DATASET CONTENT Start Marker

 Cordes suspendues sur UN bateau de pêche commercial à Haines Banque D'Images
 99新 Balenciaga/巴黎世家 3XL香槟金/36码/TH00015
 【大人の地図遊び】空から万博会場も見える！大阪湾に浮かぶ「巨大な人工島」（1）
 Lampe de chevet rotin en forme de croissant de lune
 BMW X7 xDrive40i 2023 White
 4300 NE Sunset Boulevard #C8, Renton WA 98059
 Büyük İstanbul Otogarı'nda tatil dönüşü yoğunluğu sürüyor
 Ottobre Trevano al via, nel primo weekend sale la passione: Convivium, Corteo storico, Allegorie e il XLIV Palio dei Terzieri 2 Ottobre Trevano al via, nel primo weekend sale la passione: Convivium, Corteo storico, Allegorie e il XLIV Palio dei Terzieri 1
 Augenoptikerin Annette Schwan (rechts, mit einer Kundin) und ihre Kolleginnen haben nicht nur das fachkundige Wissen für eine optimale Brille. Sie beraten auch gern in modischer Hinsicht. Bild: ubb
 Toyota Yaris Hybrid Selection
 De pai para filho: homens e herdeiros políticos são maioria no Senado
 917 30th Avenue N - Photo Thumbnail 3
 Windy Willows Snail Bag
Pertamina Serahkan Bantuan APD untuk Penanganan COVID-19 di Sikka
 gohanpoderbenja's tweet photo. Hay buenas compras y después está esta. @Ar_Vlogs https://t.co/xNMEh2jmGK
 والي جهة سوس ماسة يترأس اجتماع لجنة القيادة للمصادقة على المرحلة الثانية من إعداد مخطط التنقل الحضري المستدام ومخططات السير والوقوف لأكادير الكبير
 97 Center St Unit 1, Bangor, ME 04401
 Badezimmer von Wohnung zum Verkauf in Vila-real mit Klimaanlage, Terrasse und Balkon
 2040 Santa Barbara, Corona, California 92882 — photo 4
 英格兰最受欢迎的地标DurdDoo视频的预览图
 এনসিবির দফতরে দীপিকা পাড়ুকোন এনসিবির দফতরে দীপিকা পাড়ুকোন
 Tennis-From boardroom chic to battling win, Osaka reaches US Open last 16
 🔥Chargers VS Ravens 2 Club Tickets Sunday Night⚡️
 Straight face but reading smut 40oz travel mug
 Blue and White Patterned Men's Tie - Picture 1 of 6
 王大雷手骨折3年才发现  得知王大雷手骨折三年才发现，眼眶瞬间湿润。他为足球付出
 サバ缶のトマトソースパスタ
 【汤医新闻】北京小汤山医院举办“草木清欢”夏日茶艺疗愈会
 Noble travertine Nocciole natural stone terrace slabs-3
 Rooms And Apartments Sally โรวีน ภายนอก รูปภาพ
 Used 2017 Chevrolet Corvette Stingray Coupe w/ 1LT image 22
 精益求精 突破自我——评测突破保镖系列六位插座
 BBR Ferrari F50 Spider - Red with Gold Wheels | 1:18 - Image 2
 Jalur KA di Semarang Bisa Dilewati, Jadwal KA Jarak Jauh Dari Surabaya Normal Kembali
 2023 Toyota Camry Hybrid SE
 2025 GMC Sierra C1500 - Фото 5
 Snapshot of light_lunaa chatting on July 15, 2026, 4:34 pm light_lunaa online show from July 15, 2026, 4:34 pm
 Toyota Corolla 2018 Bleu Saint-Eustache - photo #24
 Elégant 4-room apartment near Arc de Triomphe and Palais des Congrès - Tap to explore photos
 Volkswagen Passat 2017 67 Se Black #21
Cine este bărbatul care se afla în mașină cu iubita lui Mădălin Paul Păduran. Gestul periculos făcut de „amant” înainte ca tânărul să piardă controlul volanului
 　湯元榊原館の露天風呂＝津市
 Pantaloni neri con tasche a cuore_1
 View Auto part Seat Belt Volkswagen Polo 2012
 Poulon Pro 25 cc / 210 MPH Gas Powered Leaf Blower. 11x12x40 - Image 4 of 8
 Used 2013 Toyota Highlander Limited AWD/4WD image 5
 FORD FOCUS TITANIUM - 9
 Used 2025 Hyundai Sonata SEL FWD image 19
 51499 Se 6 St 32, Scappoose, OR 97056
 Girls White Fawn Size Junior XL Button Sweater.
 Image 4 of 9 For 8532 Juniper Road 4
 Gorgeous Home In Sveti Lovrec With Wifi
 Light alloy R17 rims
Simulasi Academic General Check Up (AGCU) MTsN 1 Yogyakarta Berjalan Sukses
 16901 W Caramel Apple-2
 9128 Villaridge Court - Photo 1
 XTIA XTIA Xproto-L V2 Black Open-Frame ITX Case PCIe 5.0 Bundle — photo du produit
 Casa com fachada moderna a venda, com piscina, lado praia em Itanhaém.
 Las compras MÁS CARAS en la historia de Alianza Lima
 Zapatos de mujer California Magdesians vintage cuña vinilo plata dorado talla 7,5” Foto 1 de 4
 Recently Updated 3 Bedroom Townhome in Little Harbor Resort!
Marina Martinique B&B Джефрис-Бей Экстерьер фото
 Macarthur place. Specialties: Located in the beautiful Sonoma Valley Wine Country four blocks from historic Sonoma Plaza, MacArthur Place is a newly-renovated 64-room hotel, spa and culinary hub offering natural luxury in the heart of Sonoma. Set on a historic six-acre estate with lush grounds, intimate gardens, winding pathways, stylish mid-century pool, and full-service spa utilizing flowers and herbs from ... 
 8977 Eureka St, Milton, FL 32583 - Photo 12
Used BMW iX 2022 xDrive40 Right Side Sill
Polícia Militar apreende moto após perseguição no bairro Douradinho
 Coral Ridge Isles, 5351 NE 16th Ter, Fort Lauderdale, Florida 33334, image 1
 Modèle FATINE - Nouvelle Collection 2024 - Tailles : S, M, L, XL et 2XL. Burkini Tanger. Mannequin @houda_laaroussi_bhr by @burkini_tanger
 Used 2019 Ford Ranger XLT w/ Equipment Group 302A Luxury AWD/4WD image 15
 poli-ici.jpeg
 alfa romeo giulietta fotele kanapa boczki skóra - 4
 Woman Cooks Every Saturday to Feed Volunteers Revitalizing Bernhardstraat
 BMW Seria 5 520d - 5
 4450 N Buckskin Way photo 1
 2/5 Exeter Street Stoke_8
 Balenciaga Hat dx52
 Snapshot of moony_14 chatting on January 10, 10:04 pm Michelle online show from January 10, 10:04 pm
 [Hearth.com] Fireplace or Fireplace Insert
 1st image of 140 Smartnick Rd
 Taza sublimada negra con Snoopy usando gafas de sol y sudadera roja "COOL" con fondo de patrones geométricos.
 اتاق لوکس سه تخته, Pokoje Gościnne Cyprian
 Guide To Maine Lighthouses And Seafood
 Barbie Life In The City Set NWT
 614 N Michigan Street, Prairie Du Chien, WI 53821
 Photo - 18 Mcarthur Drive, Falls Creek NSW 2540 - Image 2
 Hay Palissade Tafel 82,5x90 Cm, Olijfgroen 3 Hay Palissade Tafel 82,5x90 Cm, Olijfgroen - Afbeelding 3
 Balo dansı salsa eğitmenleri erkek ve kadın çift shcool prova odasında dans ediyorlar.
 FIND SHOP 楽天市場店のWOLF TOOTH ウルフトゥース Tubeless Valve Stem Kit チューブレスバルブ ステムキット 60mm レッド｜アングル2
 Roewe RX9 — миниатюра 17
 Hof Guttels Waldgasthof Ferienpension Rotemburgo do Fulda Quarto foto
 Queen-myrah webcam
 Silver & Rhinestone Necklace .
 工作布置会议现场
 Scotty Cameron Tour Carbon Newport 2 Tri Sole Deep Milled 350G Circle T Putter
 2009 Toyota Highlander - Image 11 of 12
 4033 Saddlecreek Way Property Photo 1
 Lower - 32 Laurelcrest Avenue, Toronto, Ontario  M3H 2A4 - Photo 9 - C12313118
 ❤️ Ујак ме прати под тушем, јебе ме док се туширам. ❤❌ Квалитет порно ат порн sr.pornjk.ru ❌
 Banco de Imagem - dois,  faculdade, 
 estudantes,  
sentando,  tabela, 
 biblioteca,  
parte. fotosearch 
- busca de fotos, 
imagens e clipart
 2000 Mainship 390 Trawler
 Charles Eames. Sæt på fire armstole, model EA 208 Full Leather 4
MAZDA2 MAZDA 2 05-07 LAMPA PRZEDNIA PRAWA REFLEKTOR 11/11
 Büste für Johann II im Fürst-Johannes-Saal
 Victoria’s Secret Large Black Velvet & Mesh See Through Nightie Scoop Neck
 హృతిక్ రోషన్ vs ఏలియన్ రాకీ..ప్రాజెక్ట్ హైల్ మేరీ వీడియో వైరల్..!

DATASET CONTENT End Marker

INSTRUCTIONS FOR THE TASK: Where a line of the entries contains "natural", report that line.

YOUR SOLUTION:
 Noble travertine Nocciole natural stone terrace slabs-3
 Macarthur place. Specialties: Located in the beautiful Sonoma Valley Wine Country four blocks from historic Sonoma Plaza, MacArthur Place is a newly-renovated 64-room hotel, spa and culinary hub offering natural luxury in the heart of Sonoma. Set on a historic six-acre estate with lush grounds, intimate gardens, winding pathways, stylish mid-century pool, and full-service spa utilizing flowers and herbs from ... 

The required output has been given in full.